» **WHAT NEEDS TO BE DONE**
Without the pictures, output the records below word for word.

[Saved entries]
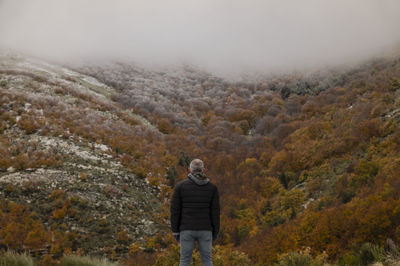 Portrait of adult man against autumn color trees on mountain, in tejera negra, guadalajara, spain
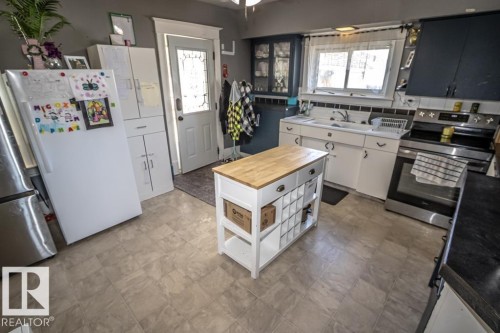 Kitchen featuring a central island with wood countertop, white cabinetry, and a built-in wine rack - 5213 49 Ave, St. Paul Town, AB - Indoor Photo Showing Kitchen With Double Sink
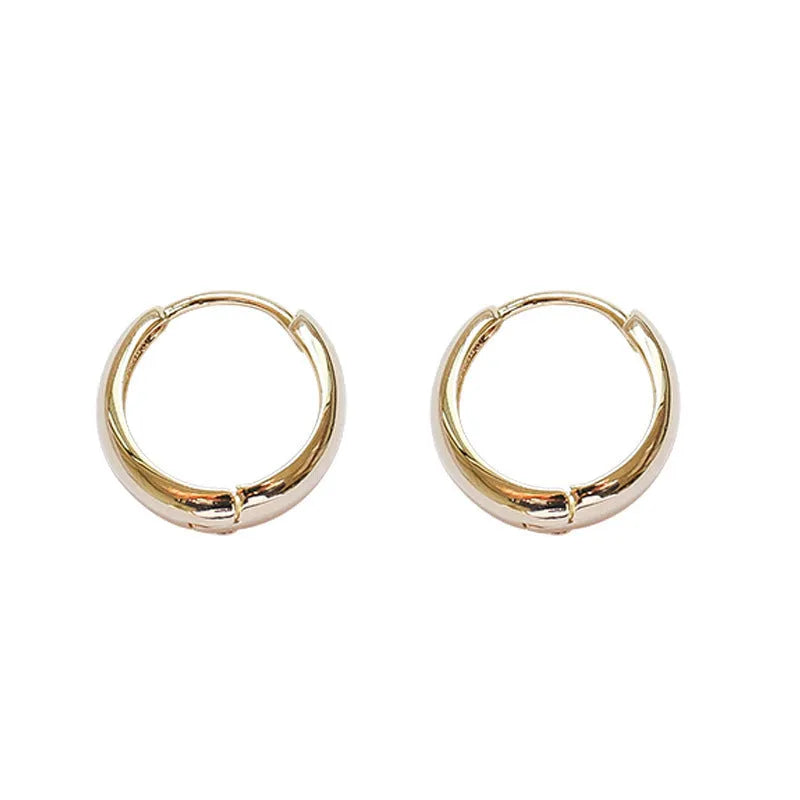 Women's geometric water drop earrings in copper with gold and silver electroplated finishes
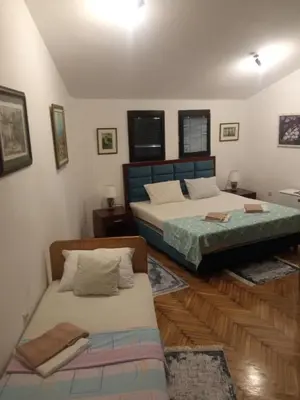 a bedroom with two beds and a couch at HeArt of Old Town Guesthouse in Podgorica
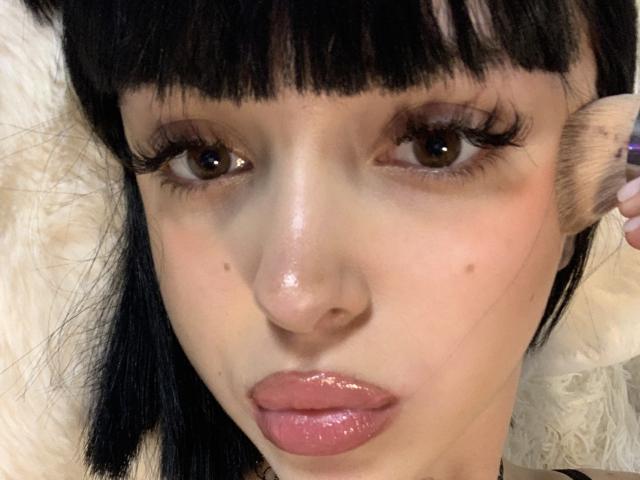 SaraMiner's face, glossy pink lips, dark brown eyes, long black eyelashes, straight black hair with bangs, light skin, small moles, and shiny nose. She's holding her right ear.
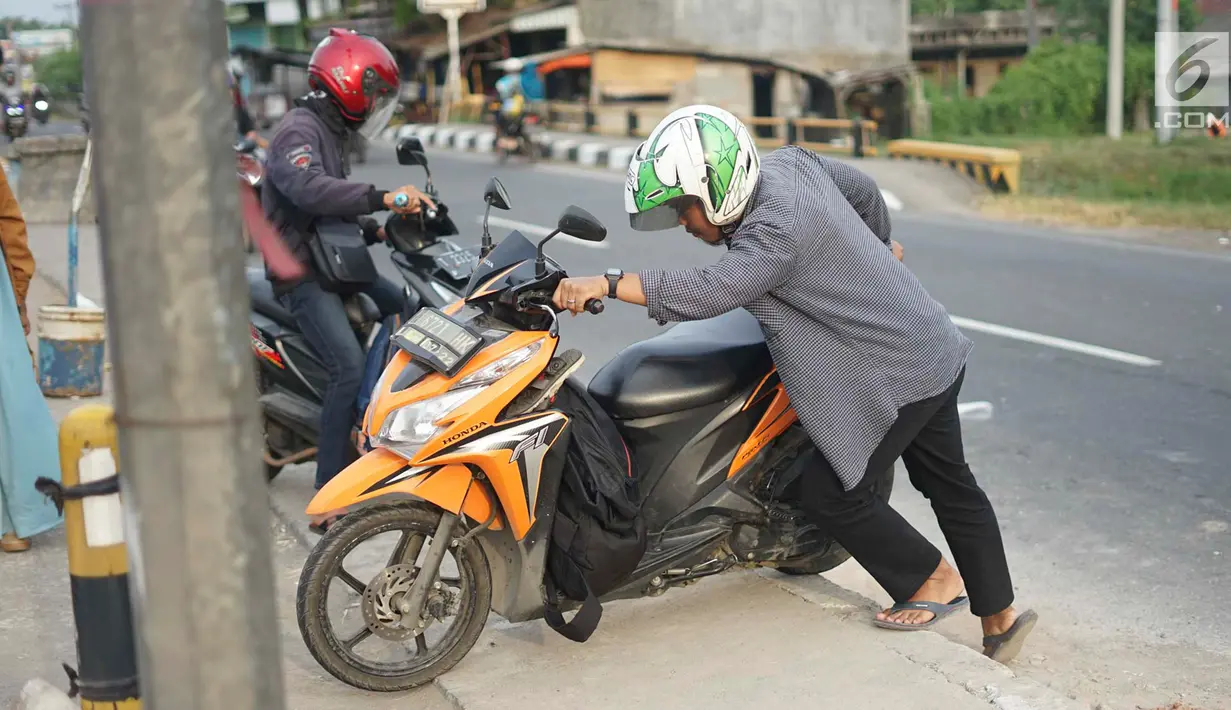 Pengendara mendorong motornya menerobos separator untuk memutar balik di Jalan Raya Pantura, Palimanan, Cirebon, Jawa Barat, Jumat (7/6/2019). Ditutupnya sejumlah jalur putar balik menyebabkan warga nekat menerobos separator untuk memersingkat waktu tempuh. (Liputan6.com/Immanuel Antonius)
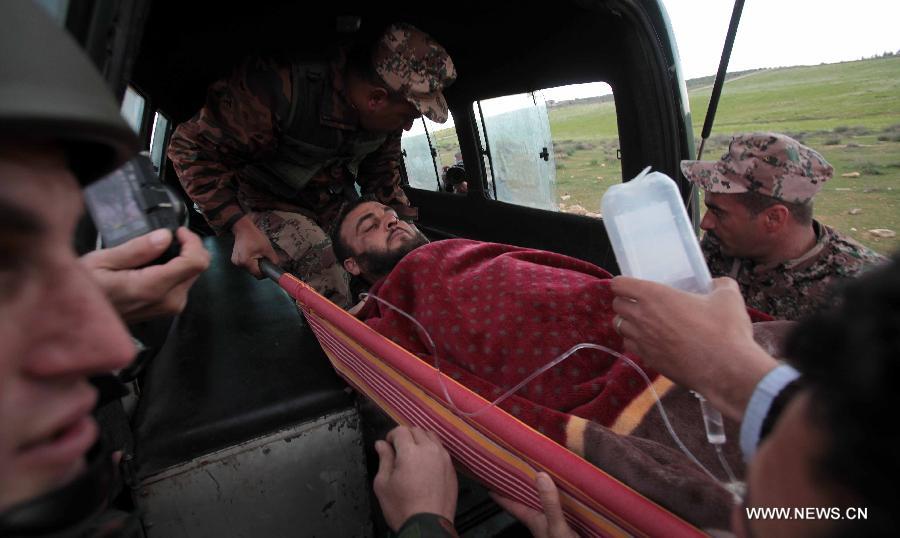 A Syrian refugee, who was injured while crossing the border from Syria into Jordan, is carried onto an ambulance near Mafraq in Jordan, Feb. 18, 2013. According to the Jordanian Armed Forces sources, around 89,000 Syrian refugees fleeing from the violence in their country have crossed the Jordanian border since the beginning of 2013. (Xinhua/Mohammad Abu Ghosh)  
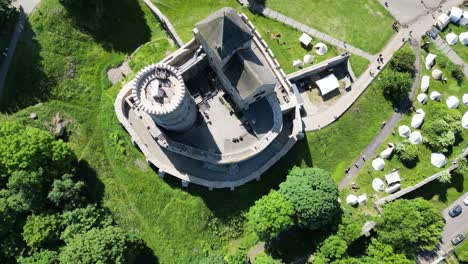 Medieval-castle-with-a-turret,-walls,-and-courtyard-during-a-beautiful-summer-day-surrounded-by-lush-greenery,-grass,-and-trees
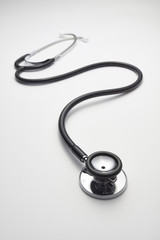 Black stethoscope on white background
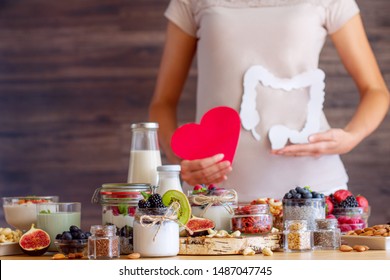 Female is holding figures of heart and intestines. Summer breakfast with organic yogurts fruits, berries and nuts. Nutrition that promotes good digestion and functioning of gastrointestinal tract. - Shutterstock ID 1487047745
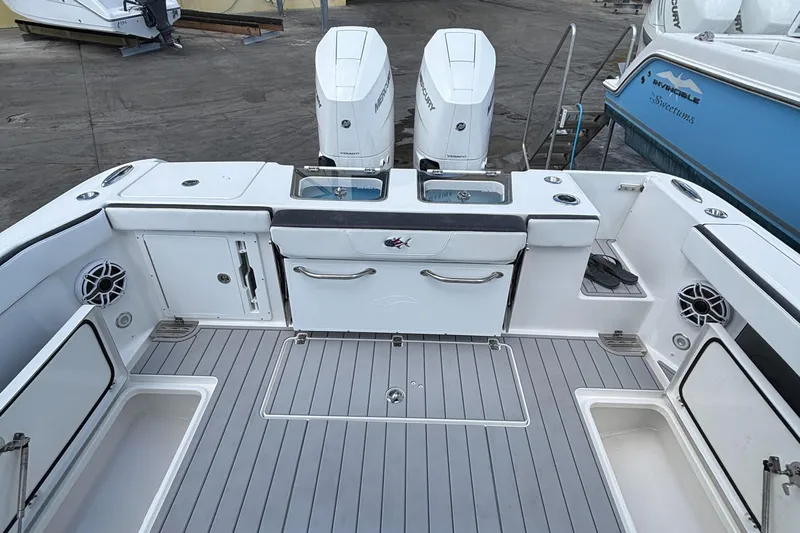  Yacht Photos Pics 2024 Crevalle 33 CSF boat deck with dual engines and storage compartments.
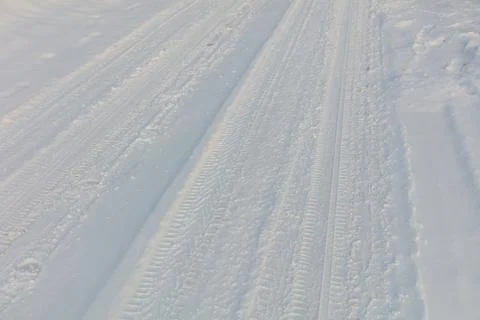 Snowy path with clear, parallel tracks Stock Photos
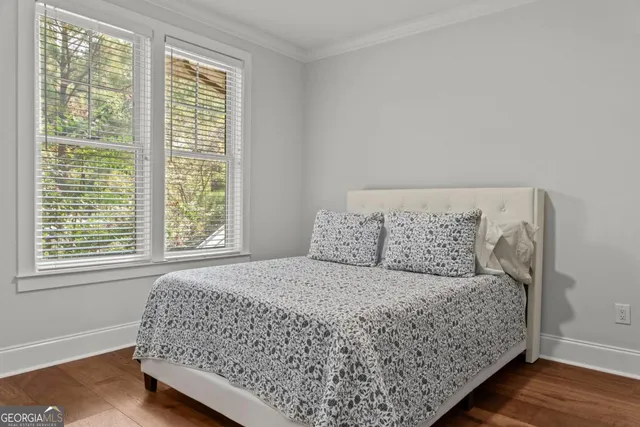a large bed sitting in a bedroom next to a window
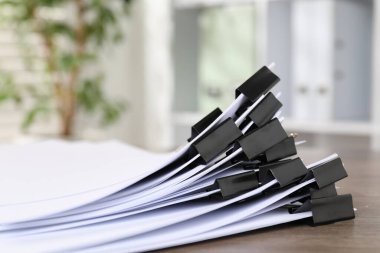 Kapalı alanda, ahşap masa üzerinde kağıt kağıtları olan ataçlar.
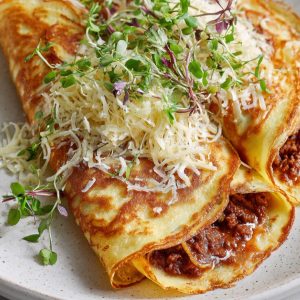 A white plate with two spanish pancakes filled with savoury mince.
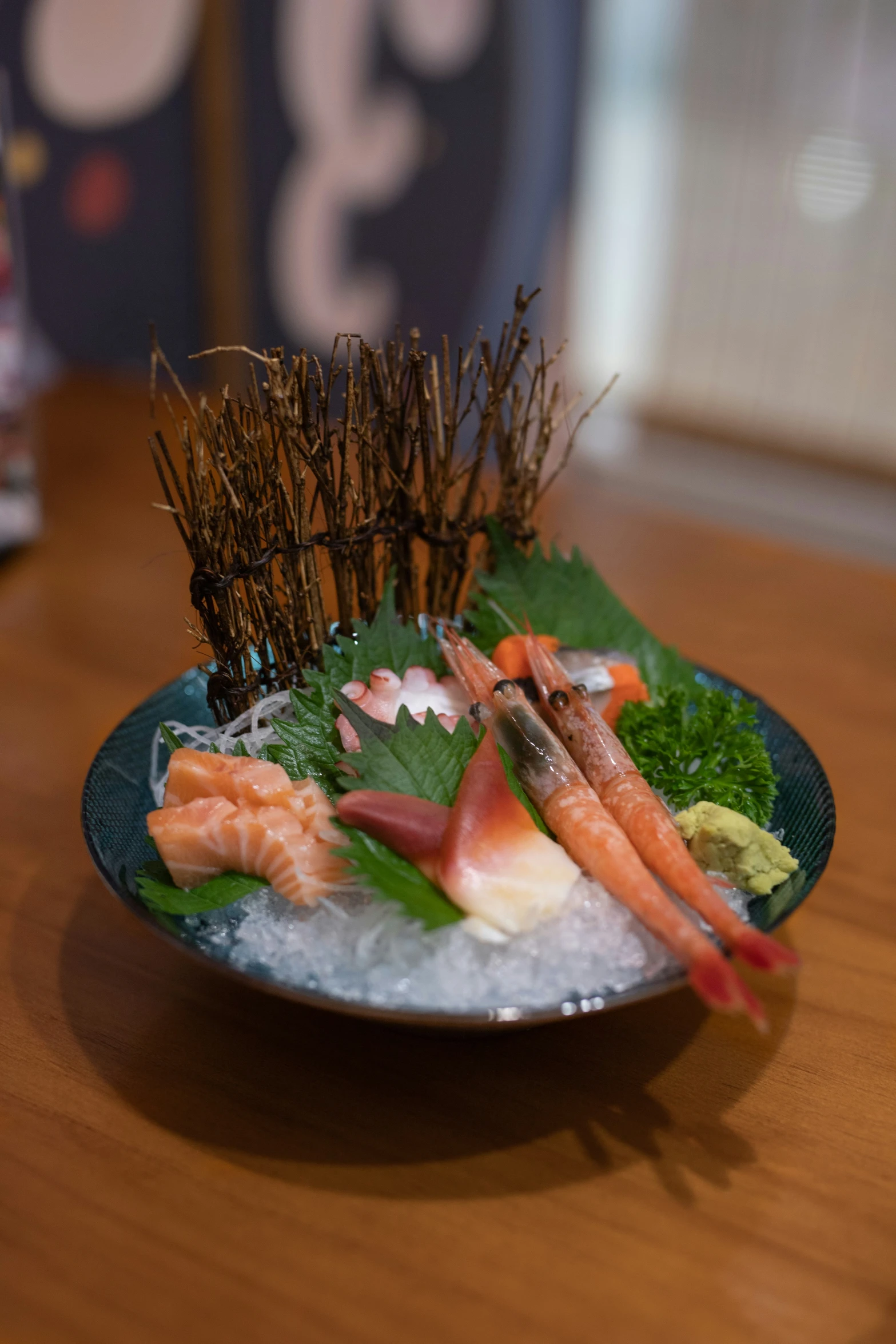 a plate of raw seafood and vegetables on ice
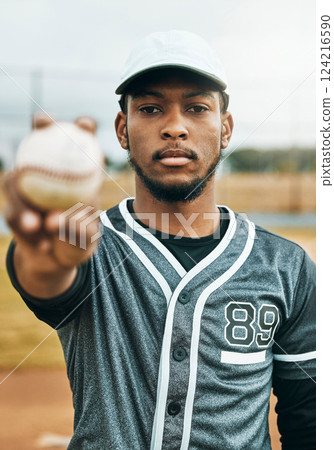 Baseball, sports and ball with a black man athlete on a grass pitch or field before a game for fitness and exercise. Training, workout and health with a male baseball player ready for a game outside Baseball, sports and ball with a black man athlete on a grass pitch or field before a game for fitness and exercise. Training, workout and health with a male baseball player ready for a game outside 124216590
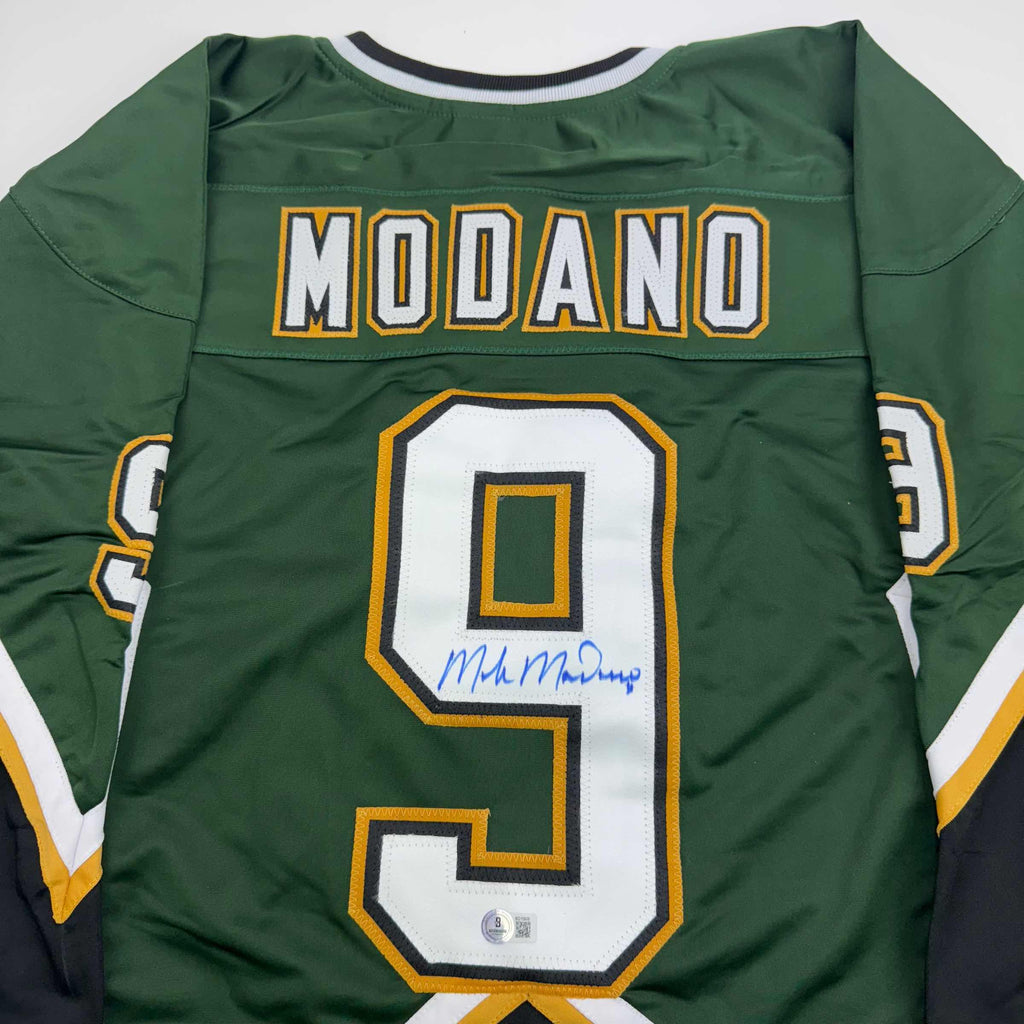 autographed-signed-mike-modano-dallas-dark-green-hockey-jersey-beckett-bas-coa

» **TASK SOLUTION**
 Portrait of adult man against autumn color trees on mountain, in tejera negra, guadalajara, spain
 Kitchen featuring a central island with wood countertop, white cabinetry, and a built-in wine rack - 5213 49 Ave, St. Paul Town, AB - Indoor Photo Showing Kitchen With Double Sink
 Women's geometric water drop earrings in copper with gold and silver electroplated finishes
 a bedroom with two beds and a couch at HeArt of Old Town Guesthouse in Podgorica
 SaraMiner's face, glossy pink lips, dark brown eyes, long black eyelashes, straight black hair with bangs, light skin, small moles, and shiny nose. She's holding her right ear.
 Pengendara mendorong motornya menerobos separator untuk memutar balik di Jalan Raya Pantura, Palimanan, Cirebon, Jawa Barat, Jumat (7/6/2019). Ditutupnya sejumlah jalur putar balik menyebabkan warga nekat menerobos separator untuk memersingkat waktu tempuh. (Liputan6.com/Immanuel Antonius)
 A Syrian refugee, who was injured while crossing the border from Syria into Jordan, is carried onto an ambulance near Mafraq in Jordan, Feb. 18, 2013. According to the Jordanian Armed Forces sources, around 89,000 Syrian refugees fleeing from the violence in their country have crossed the Jordanian border since the beginning of 2013. (Xinhua/Mohammad Abu Ghosh)  
 Medieval-castle-with-a-turret,-walls,-and-courtyard-during-a-beautiful-summer-day-surrounded-by-lush-greenery,-grass,-and-trees
 Black stethoscope on white background
 Female is holding figures of heart and intestines. Summer breakfast with organic yogurts fruits, berries and nuts. Nutrition that promotes good digestion and functioning of gastrointestinal tract. - Shutterstock ID 1487047745
  Yacht Photos Pics 2024 Crevalle 33 CSF boat deck with dual engines and storage compartments.
 Snowy path with clear, parallel tracks Stock Photos
a large bed sitting in a bedroom next to a window
 Kapalı alanda, ahşap masa üzerinde kağıt kağıtları olan ataçlar.
 A white plate with two spanish pancakes filled with savoury mince.
 a plate of raw seafood and vegetables on ice
 Baseball, sports and ball with a black man athlete on a grass pitch or field before a game for fitness and exercise. Training, workout and health with a male baseball player ready for a game outside Baseball, sports and ball with a black man athlete on a grass pitch or field before a game for fitness and exercise. Training, workout and health with a male baseball player ready for a game outside 124216590
 autographed-signed-mike-modano-dallas-dark-green-hockey-jersey-beckett-bas-coa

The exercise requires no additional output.